======== Records shown ========

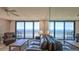 Living room boasts ocean views and leather furniture at 4139 Atlantic # A406, New Smyrna Beach, FL 32169
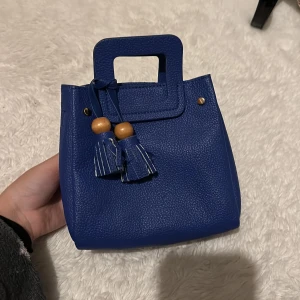 Blå liten väska - Blå väska med en fin detalj och tillhörande band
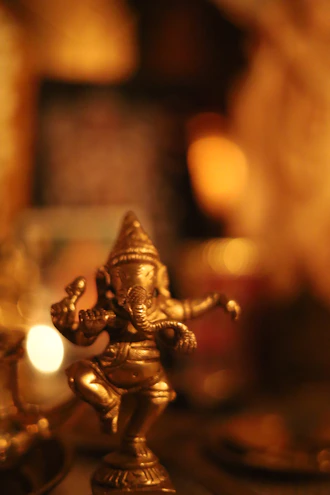 A small brass statue of the hindu deity ganesha.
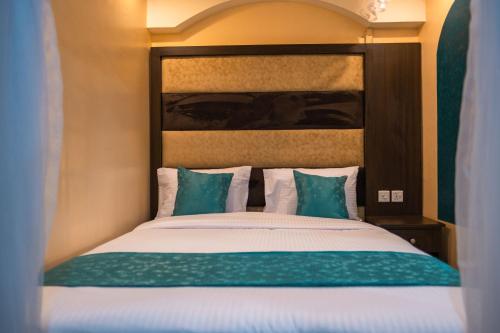 KikuyuGardens Executive Suites的一间卧室配有带绿色和白色枕头的床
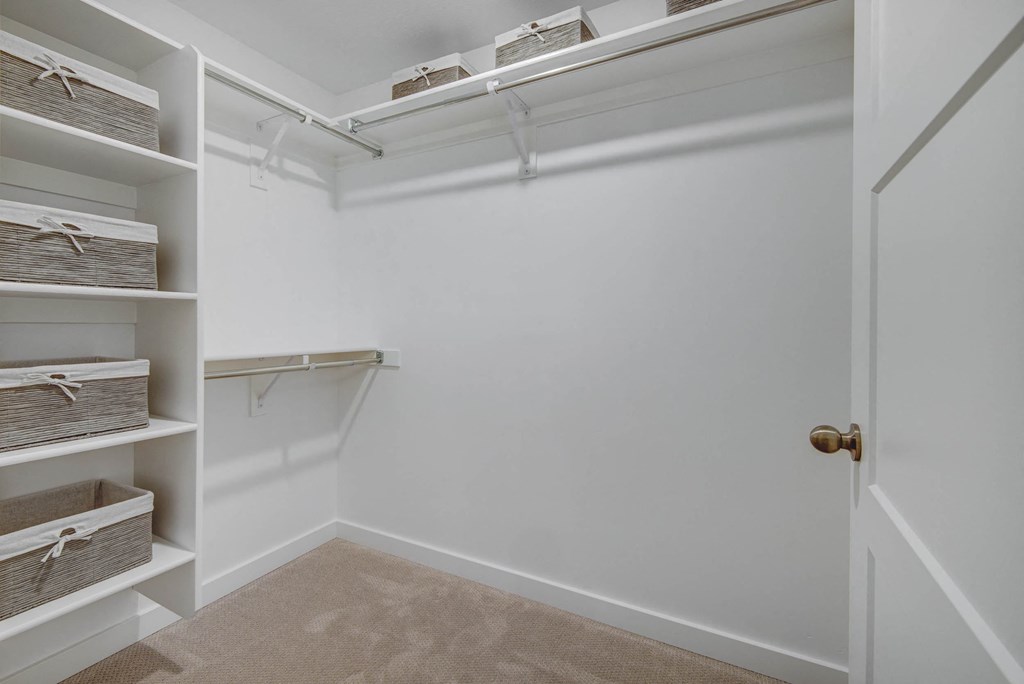 a walk in closet with white walls and shelves
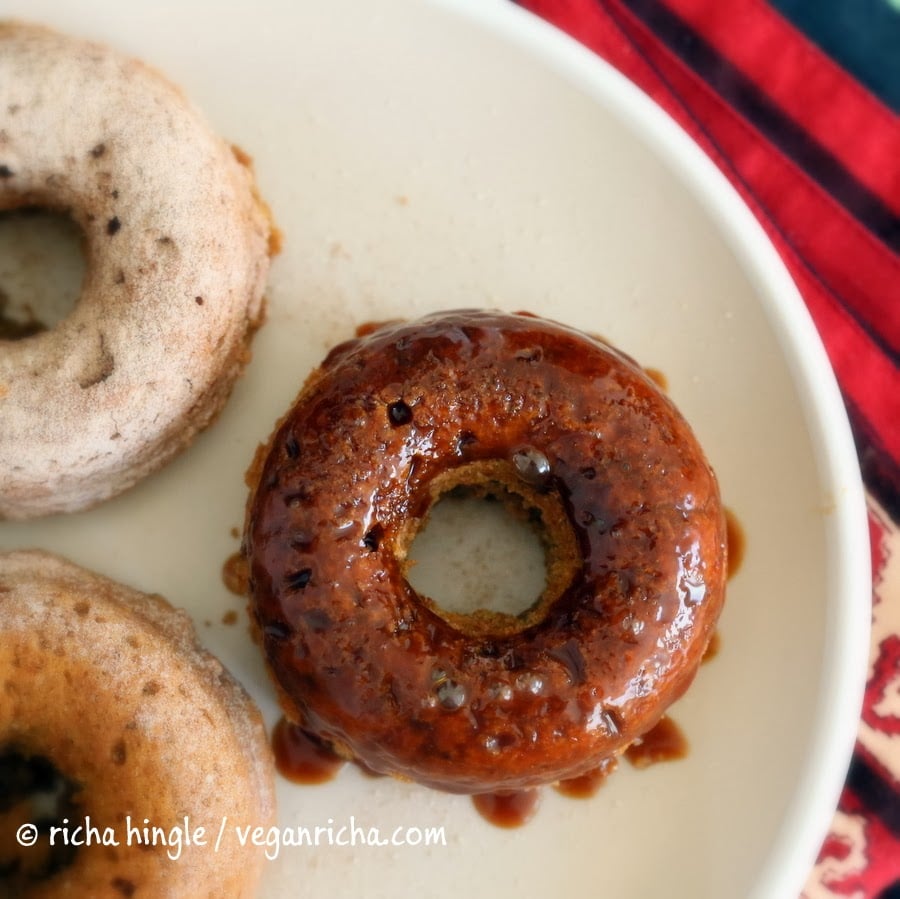 recipe for vegan donuts overhead shot of Baked Vegan Sweet Potato donuts glazed with salted caramel on a white plate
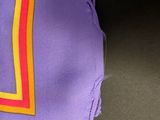 purple square with multi - colored stripes on it on a black surface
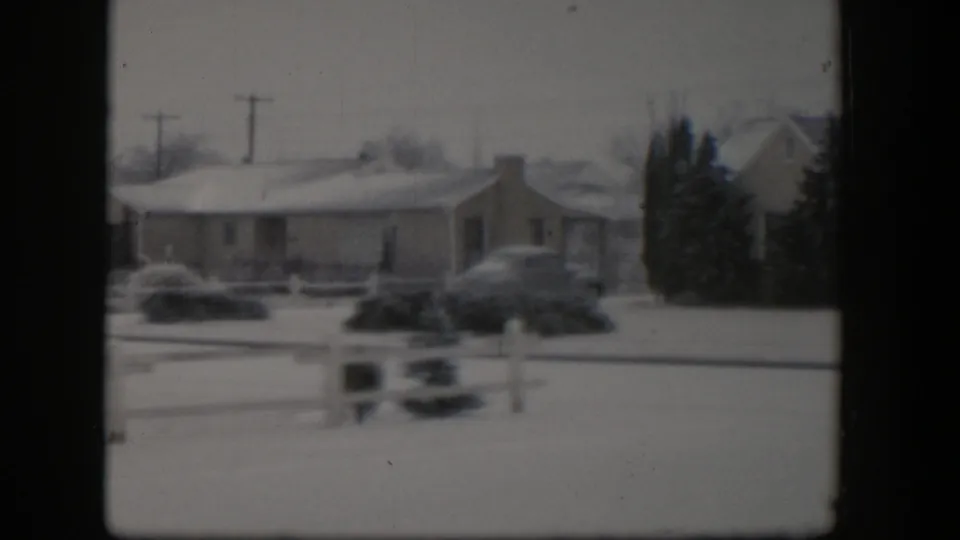 1954 Nevada winter frame with a low residential house, snow-covered yard, white fence rails, evergreen plantings, and a parked automobile.
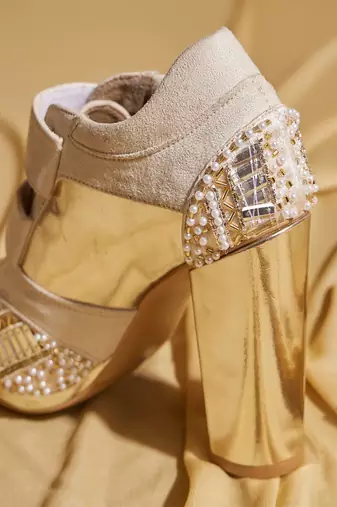 White embroidered leather heels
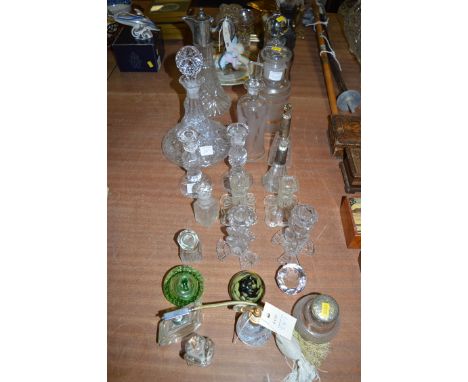 A silver plated mounded glass claret jug; a ship's decanter and stopper; three pairs of glass candlesticks; two scent sprays;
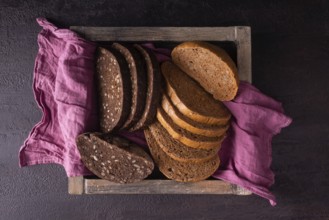 Healthy bread with seeds in a wooden box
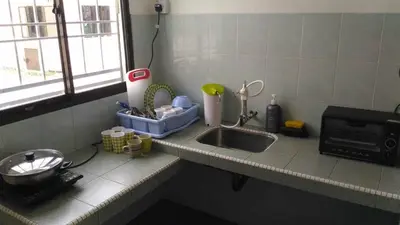 a kitchen counter with a sink and a window at J&P Homestays House 1 in Kampar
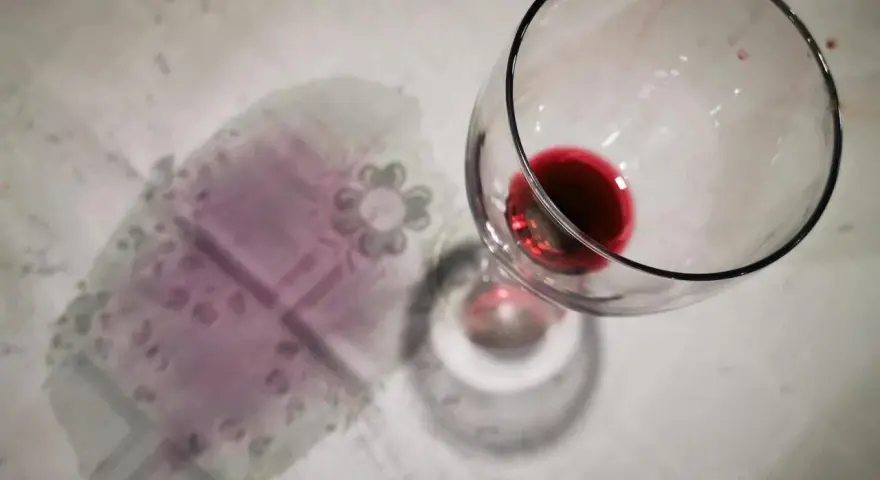 Un bicchiere di vino rosso rovesciato ha lasciato delle macchie sul tovagliolo, creando un'atmosfera di festa finita.
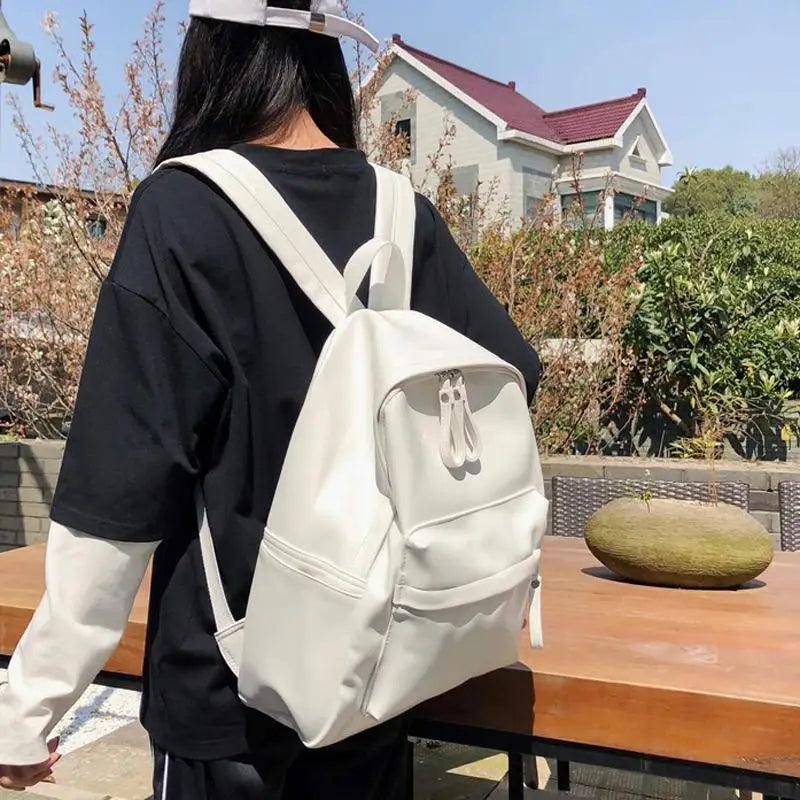 Stevvex cream white PU leather backpack with front pocket and dual zippers, worn by a person in a black shirt on Tampa Home & Garden Store
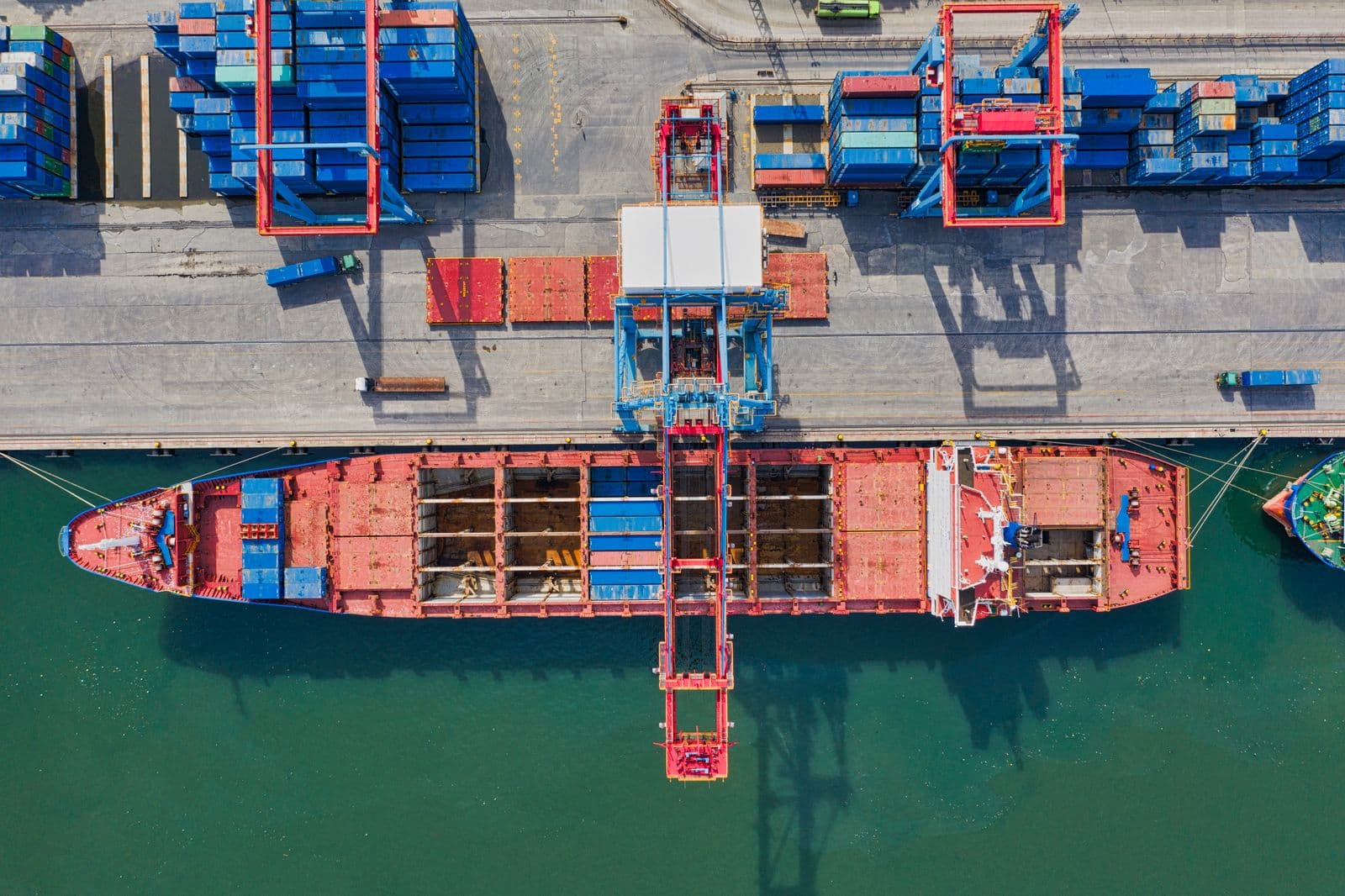 Aerial view of a cargo ship during container handling at the port, a gantry crane moving containers between ship and quay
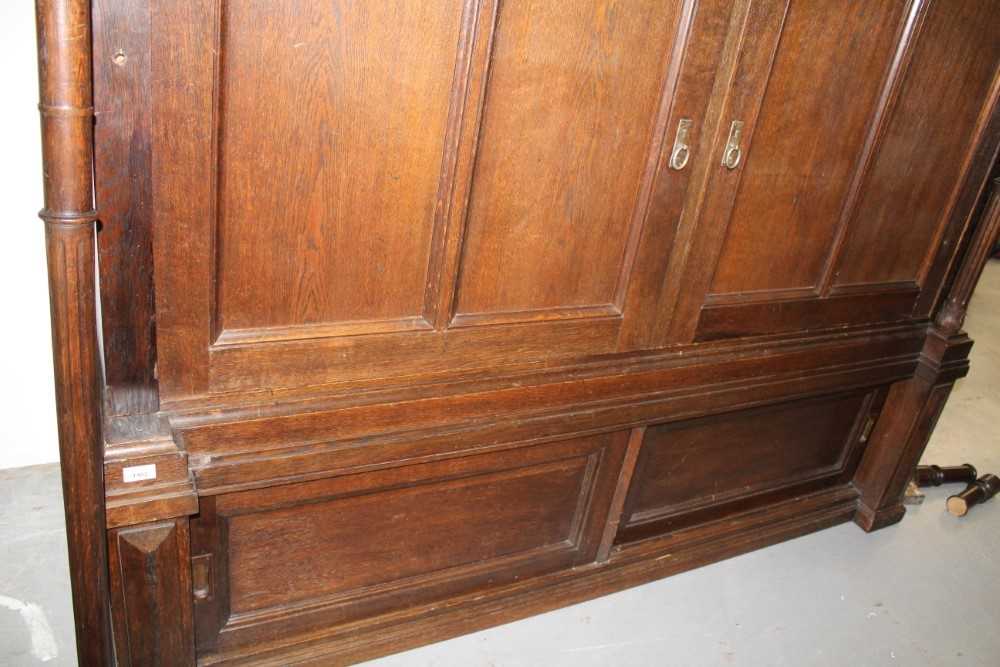 Late 19th / early 20th century Continental carved oak cupboard, enclosed by two pairs of panelled do - Image 5 of 9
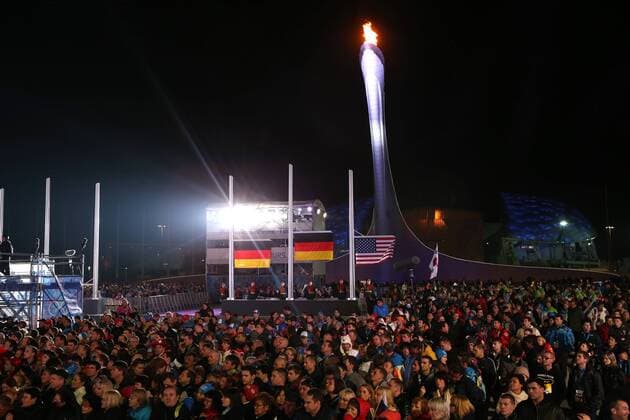 OLYMPIA - Olympische Spiele 2014 SOTSCHI,RUSSLAND,12.FEB.14 - DIVERS, OLYMPIA, RODELN - Olympische Winterspiele Sotschi 2014, Kunstbahnrodeln, Einsitzer der Damen, Medaillenvergabe am Medal Plaza. Bild zeigt die Fahnen und das olympische Feuer. Keywords: Medaille. 
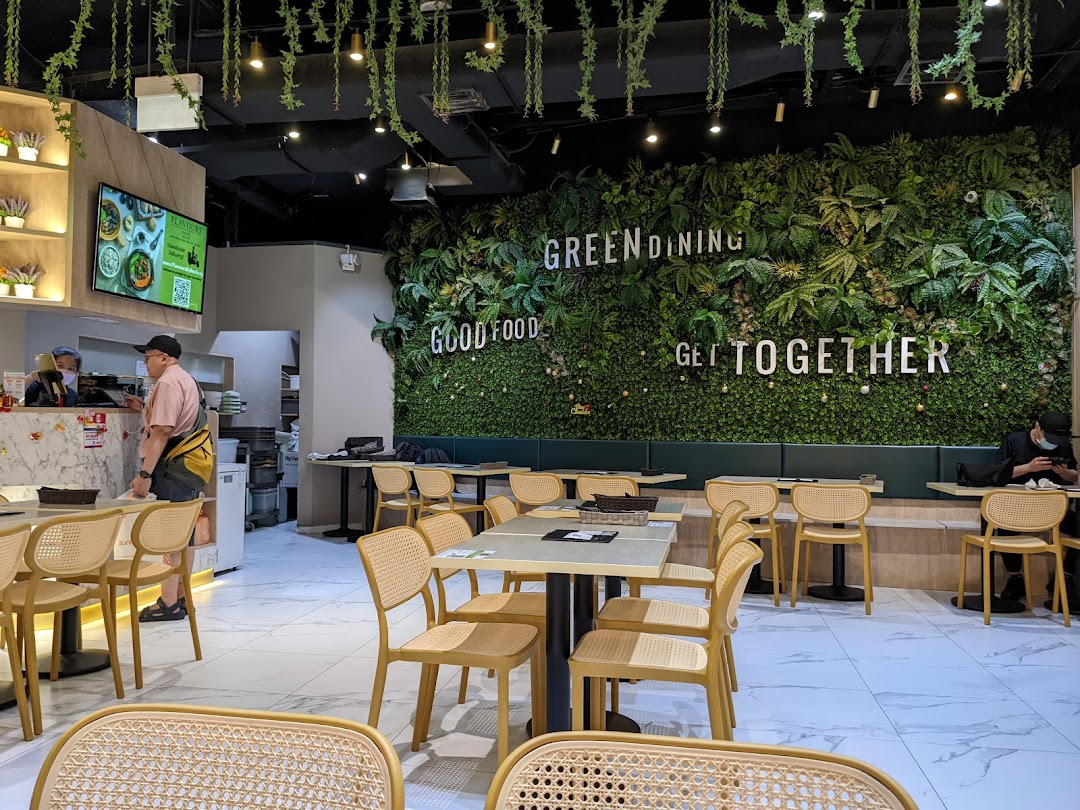Vibrant interior of Flavours by Saute, featuring a lush green wall, modern dining tables, and a service counter.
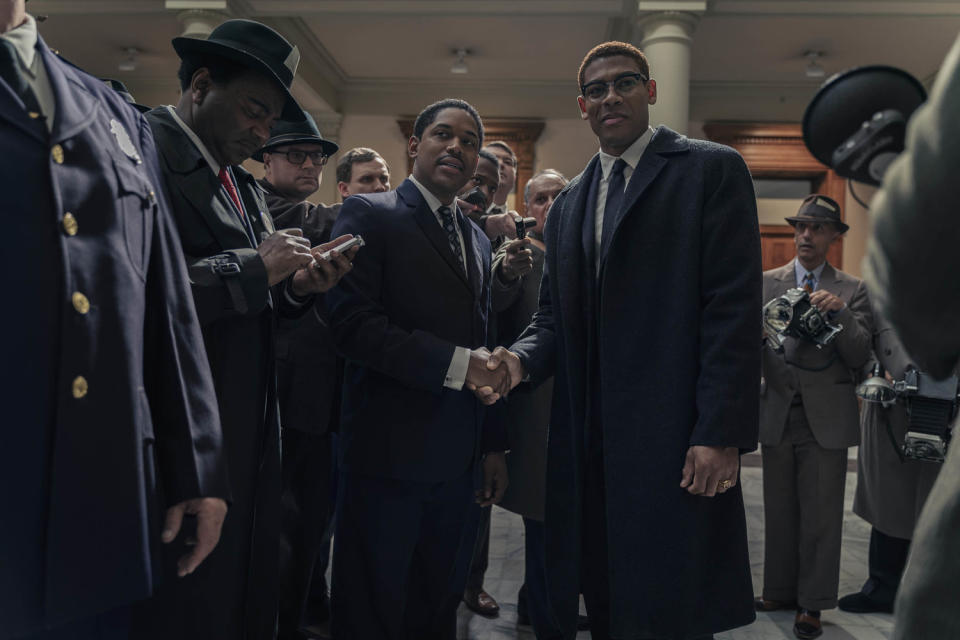 Martin Luther King Jr., played by Kelvin Harrison Jr., and Malcolm X, played by Aaron Pierre, are surrounded by reporters in the Senate as seen in GENIUS: MLK/X. (Richard DuCree / National Geographic)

========

An exact copy is needed of every line from the line containing "Aerial view of" to the last line of the records; pictures stay out of it.

 Aerial view of a cargo ship during container handling at the port, a gantry crane moving containers between ship and quay
 Late 19th / early 20th century Continental carved oak cupboard, enclosed by two pairs of panelled do - Image 5 of 9
 OLYMPIA - Olympische Spiele 2014 SOTSCHI,RUSSLAND,12.FEB.14 - DIVERS, OLYMPIA, RODELN - Olympische Winterspiele Sotschi 2014, Kunstbahnrodeln, Einsitzer der Damen, Medaillenvergabe am Medal Plaza. Bild zeigt die Fahnen und das olympische Feuer. Keywords: Medaille. 
Vibrant interior of Flavours by Saute, featuring a lush green wall, modern dining tables, and a service counter.
 Martin Luther King Jr., played by Kelvin Harrison Jr., and Malcolm X, played by Aaron Pierre, are surrounded by reporters in the Senate as seen in GENIUS: MLK/X. (Richard DuCree / National Geographic)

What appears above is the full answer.